JP2010082691A - Forging method of hollow part - Google Patents

Abstract

<P>PROBLEM TO BE SOLVED: To provide a forging method of hollow parts capable of forming parts having through-holes from a long material in a simple forging process with scrap-zero manner, and smoothly discharging them from a punch. <P>SOLUTION: A long material A is fed so as to be projected from a die 3 by the predetermined length. The material A is gripped by a grip feed 11, and in this state, a punch 7 having a cylindrical punch body 70 having a forming recess 70a, an intermediate extrusion pipe 71, and a center pin 72 of the same dimension as the diameter of the material is advanced to the die side, and a front face of the punch body 70 is tightly attached to a front face of the die 3 to form a forming space R. Thereafter, the center pin 72 is advanced in the forming recess 70a and a projected portion of the material A is pushed back into the forming space R and formed in a desired shape. Further, the grip feed 11 is opened, the center pin 72 is advanced into the die 3 to separate the material A from a hollow parts B having a through-hole B1. When the punch 7 is retracted, the intermediate extrusion pipe 71 is advanced to the die side to discharge the hollow parts B from the punch 3. <P>COPYRIGHT: (C)2010,JPO&INPIT

Description

  The present invention relates to a method for forging a hollow part in which a hollow part having a volume of at least twice the wire diameter and having a through hole in the center is repeatedly formed at zero scrap from a long linear material.

  Conventionally, as a method of forging a hollow part having a through-hole in the center, first, a long material is cut into a predetermined length, and then the cut material is transferred to a first-stage forging process, The die and punch are used to form a solid intermediate product with the desired outer shape, then the intermediate product is transferred to the first forging process, and the center of the intermediate product is punched out using the die and punching punch. Through holes are formed to form hollow parts that are final molded products.

  However, according to the above conventional forging method of hollow parts, a cutting process (cutting mechanism) for cutting a long material into a predetermined dimension is required separately from the forging process, and cutting is performed by the cutting mechanism. Since the blank having a predetermined dimension has the same cross-sectional shape as that of the material, many forging steps from the shape of the blank to the final molded product are required. As a result, the forging machine becomes complicated, becomes large and expensive, and has a problem that material loss occurs because the center portion of the intermediate molded product is punched to form a through hole.

  Therefore, the present invention has been devised in view of the above problems, and it is possible to repeatedly forge a hollow part having a volume more than twice the diameter of a material from a long material without scraping, and smoothly eject it from the punch. An object is to provide a method for forging hollow parts that can be produced.
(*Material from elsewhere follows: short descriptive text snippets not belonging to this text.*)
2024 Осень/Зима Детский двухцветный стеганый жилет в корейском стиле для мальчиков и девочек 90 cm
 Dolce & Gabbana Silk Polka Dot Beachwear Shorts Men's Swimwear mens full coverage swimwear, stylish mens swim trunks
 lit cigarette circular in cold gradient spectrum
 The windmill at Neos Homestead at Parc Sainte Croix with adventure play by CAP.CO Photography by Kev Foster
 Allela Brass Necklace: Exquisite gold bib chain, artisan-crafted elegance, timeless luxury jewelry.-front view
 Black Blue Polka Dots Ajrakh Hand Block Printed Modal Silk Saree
In order to solve the above-mentioned problems, the present invention provides a method for forging a hollow part in which a hollow part having a volume more than twice the diameter of a raw material and having a through hole in the center is repeatedly formed at zero scrap. First, the material is supplied by the supply mechanism so that the tip portion protrudes from the through hole of the die to the front side by a predetermined length, and then the material is gripped by an openable / closable grip feed provided on the die side, On the die side, a punch with a cylindrical punch body that forms the molding recess, an intermediate extrusion pipe that can be advanced and retracted into the molding recess, and a center pin that has the same size as the material diameter, while maintaining the protruding state. The front surface of the punch body is brought into close contact with the die front surface to form a desired molding space by the die, the punch body and the intermediate extrusion pipe, and then the center pin is advanced to the middle in the molding recess. Push the projecting part of the material back into the molding space to form it into the desired shape, and then open the grip feed to release the material grip and then advance the center pin further into the die through-hole. A hollow part having a through-hole is formed without scraping by separating into a molded product having a hole and a linear material, and then the punch is retracted from the die and the intermediate extrusion pipe is advanced to the inside of the molding recess. The hollow parts are discharged from the punch to the outside.
In addition, a hollow part is the concept containing the intermediate molded product which has a through-hole before performing final shaping | molding in a post process.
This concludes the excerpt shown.